George saw his chance. "Hey, Billy, go tell Grandma that Morey's been hiding his real identity all this time." He winked at Morey. "That should keep you both occupied for a while."
"Okay, Grandpa," said Billy, charging up to the patio and yelling toward the house, "Hey Grandma, I just heard something. Open up."

George eyeballed Billy to make sure he made it inside and then faced Morey. "I'm worried about maintaining the persona, Morey. No matter how hard I try, I keep feeling myself going Gentile. I need a way to play a good Jew and hold it through two acts."
Morey looked back at his friend and said nothing, considering the problem. Then he spoke.
"George, I am religiously observant for a man of my time and experiences. I have studied the Torah and I have asked the questions and accepted the answers that my people handed down to me. With the traditions of the mitzvot, our meeting and the friendship brought to me was a gift from God, a mitzvah.

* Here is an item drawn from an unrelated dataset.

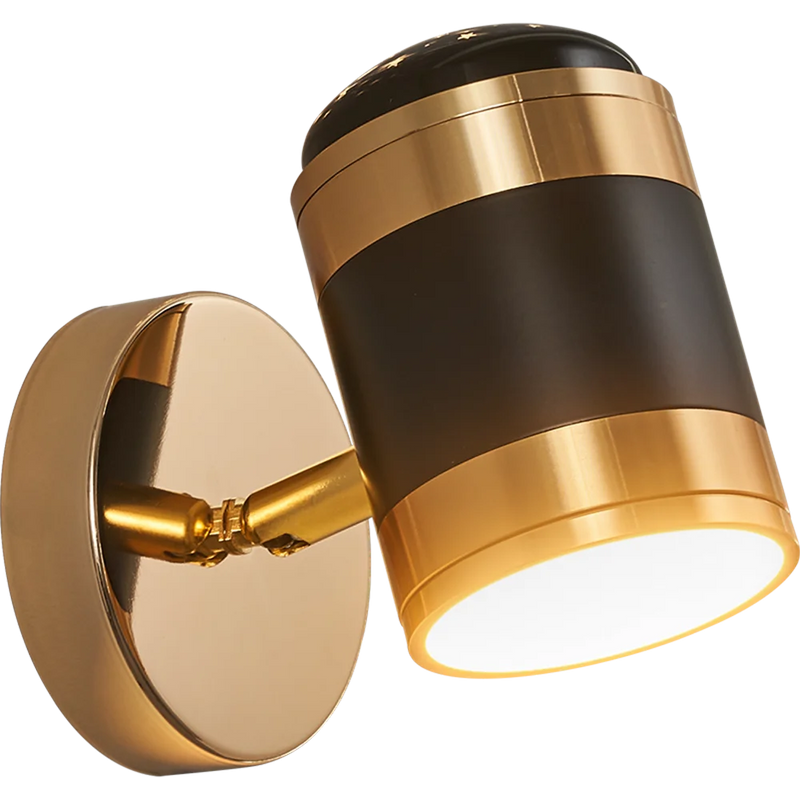 applique murale led rotative moderne lampe de lecture décoration luminaria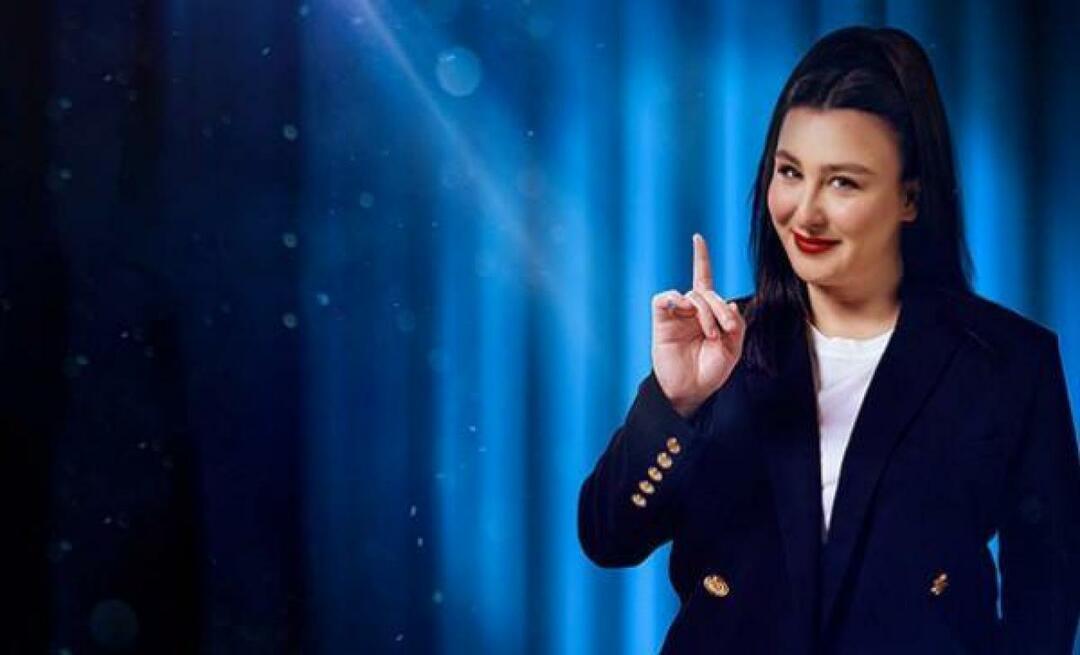 Yasemin Sakallıoğlu wird neue Wege gehen! Die erste türkische Komikerin auf der Londoner Bühne...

I must acknowledge that gift in turn. That is why I used what little influence I had to get you the chance at the part in this play. It was a little thing, a small kindness to match the effort required. This is a just a speck of what it takes to be a 'good Jew'. I don't know that I'm so good a one anyway, compared to the people who taught me, but I'm the only Jew you've got, so let's make this work. Now, I'm going to give you my secret to feeling like a good Jew."
Morey switched his head, first left, then right, to emphasize the gravity and import of what he was about to say. He then grasped the top of the fence with his hands and pulled his face closer to George's, with his eyes locked in contact with those of his friend, before he continued.
"The secret is to try to do everything you can to help others and don't expect any of it to work out, because it won't, and expect everyone to hate you for it, because they will." Morey finished with an exaggerated nod of the head to punctuate the last few words with a physical exclamation.

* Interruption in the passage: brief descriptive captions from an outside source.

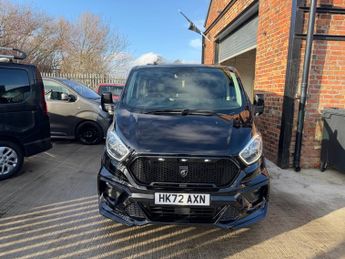 Ford Transit 2.0 EcoBlue 170ps Low Roof D/Cab Limited Van Auto
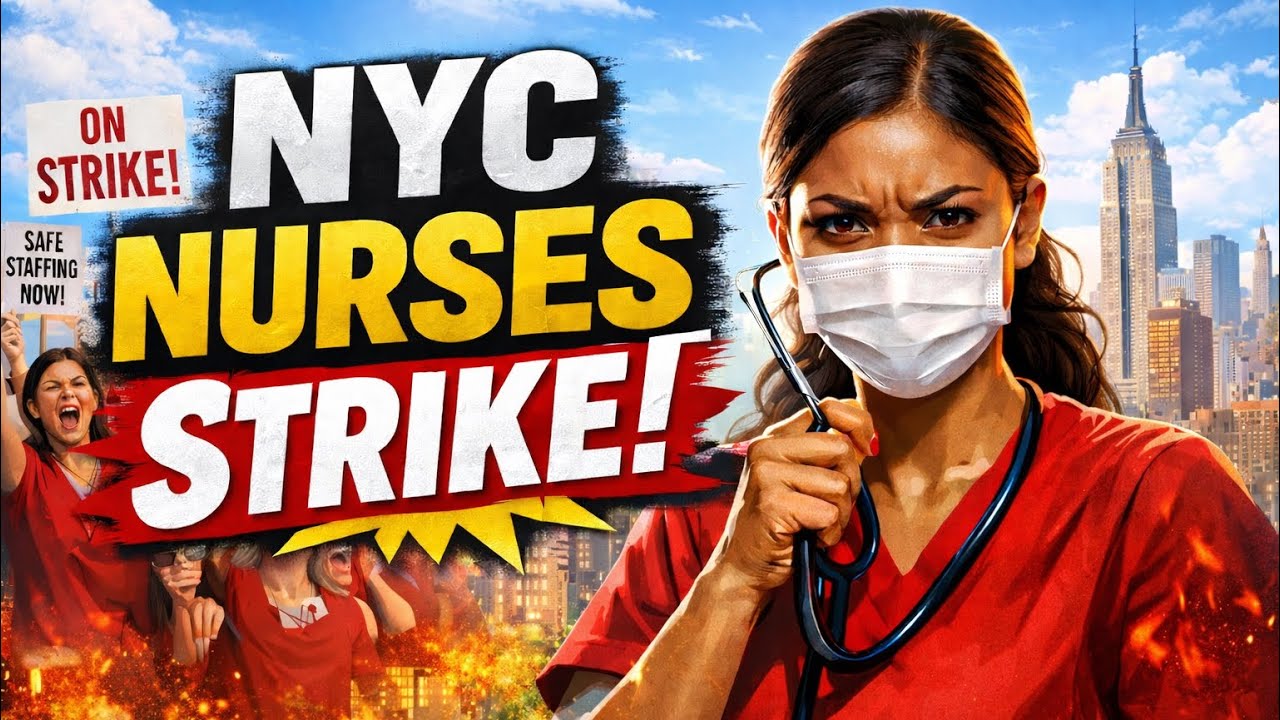 NYC Nurses Go on Strike: What’s Really Happening in New York Hospitals.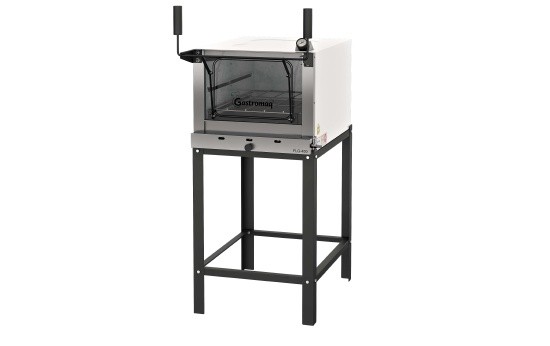 Forno de Lastro Gás Epóxi 45 x 70 porta guilhotina - GASTROMAQ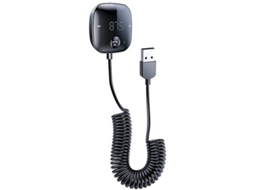 Transmissor Fm Bluetooth Yizhood C 25 Fm/usb/sd Carregamento Rápido Preto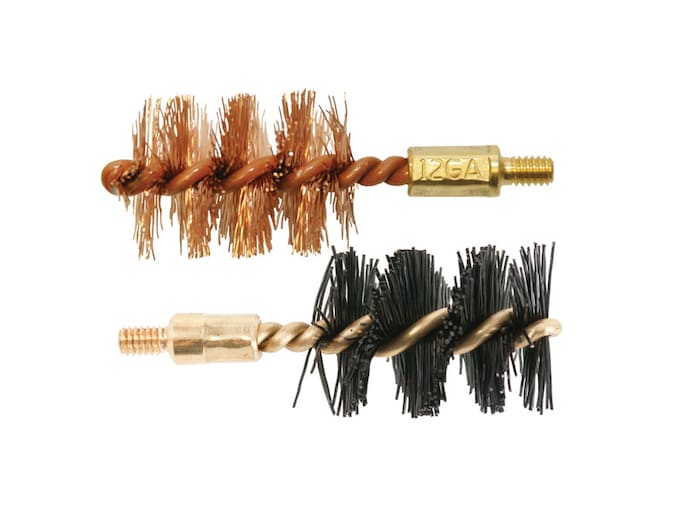 Otis Shotgun Bore Brush 12 Ga 8x32 Thread Bronze Nylon 2PK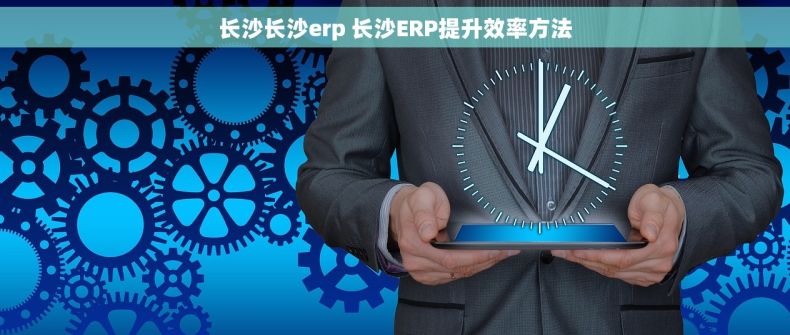 长沙长沙erp 长沙ERP提升效率方法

George regarded Morey with a pale blank pose, but inside he was reeling in a panicked freefall. The accent and the smattering of Yiddish phrases and the feelings of defiance against a series of xenophobic societies would not be enough to feint Jewishness, not according to what he just heard. He would need to somehow live a life that reflected the traditions and that presented the disappointing aftermath as a lesson that reinforced those traditions further. His brain was starting to buzz into overload when Clara's sharp bark burst the bubbles and settled his mind down and back into the fenced-in backyard on that sunny afternoon.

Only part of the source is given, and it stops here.